A scanned page in old version of e-books or paper, or one created from a photo or drawing, is only an image of a page, and you can’t manipulate its content by extracting images or modifying the text. However, Adobe Acrobat can convert the image of the document into actual text by using optical character recognition (OCR).
I used this function on Adobe Acrobat 8 and 9, which both work very well.
To capture the content of an image or a page from a scanned PDF document, follow these steps:
- Save your target page of the PDF file as an image.
- Crop the image to less than 45×45 inches by using Photoshop or PowerPoint, or any other software that can do it. Save the cropped image.
- Choose File > Create PDF > From file > your cropped image that you want to convert.
- Choose Document > OCR Text Recognition > Recognize Text Using OCR. The Recognize Text dialog box opens. You don’t need to modify any other parameters, and just click OK to start the capture process.

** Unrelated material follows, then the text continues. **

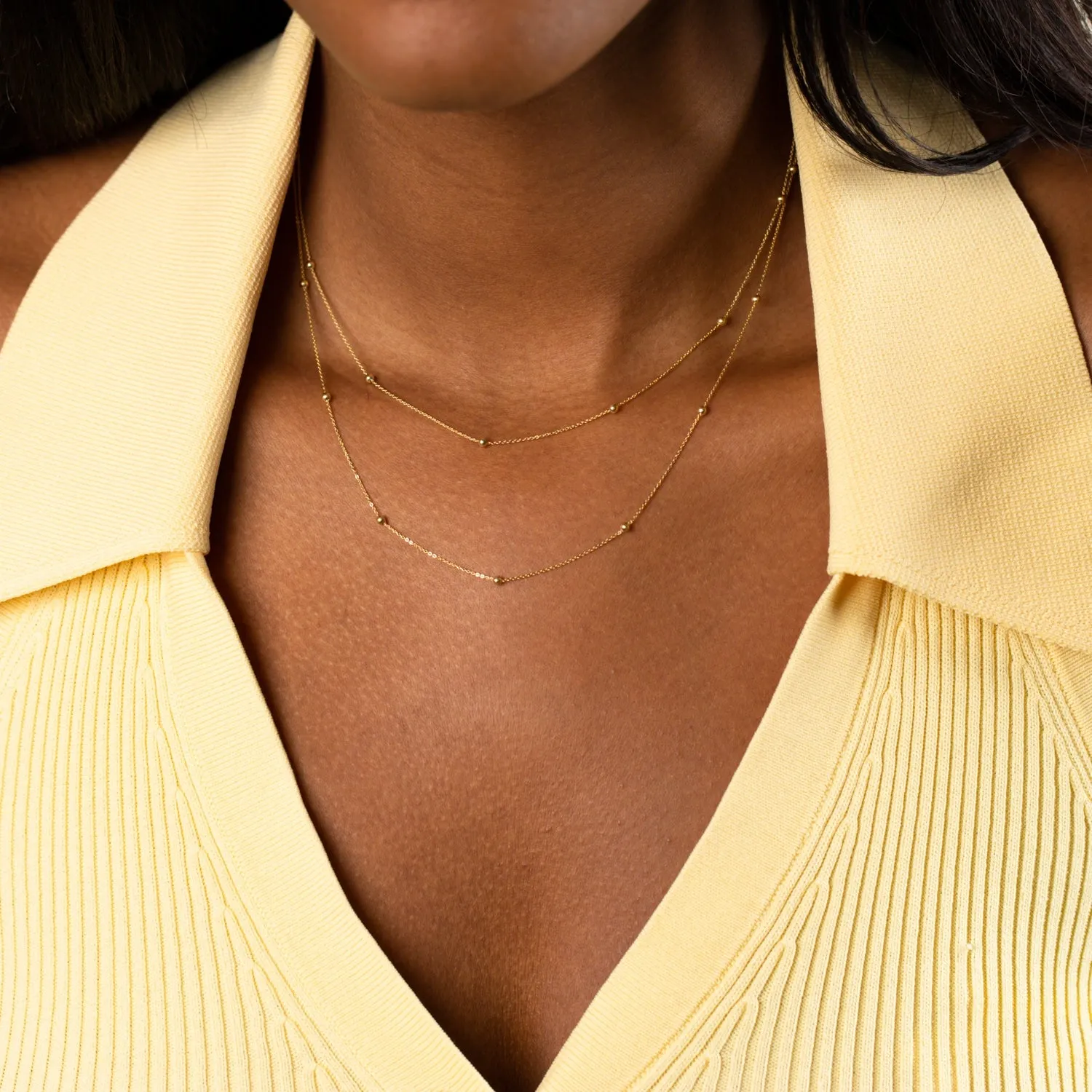 Ball Chain Necklace 14K sold by Adina Eden's product image thumbnail 2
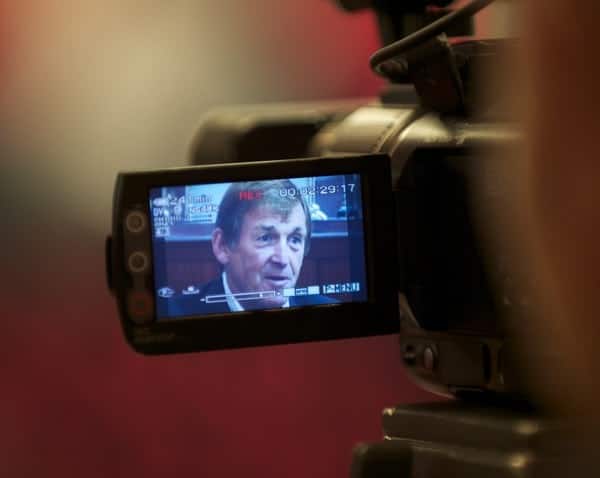 LIVERPOOL, ENGLAND - Friday, September 17, 2010: Liverpool legend Kenny Dalglish at the launch of his autobiography 'Kenny Dalglish - My Liverpool Home' at Anfield. (Photo by David Rawcliffe/Propaganda)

The conversion process is very fast and you just need to wait several seconds.
- When the process is complete, the dialog box closes and the results of the conversion are shown in the document, right in front of you.
- Now you can copy and paste the txt content to your Microsoft Word file and start to modify the errors.
It is said that Adobe Acrobat 9 can convert large file rather than a 45×45 inches one, but I don’t know why I can’t achieve it.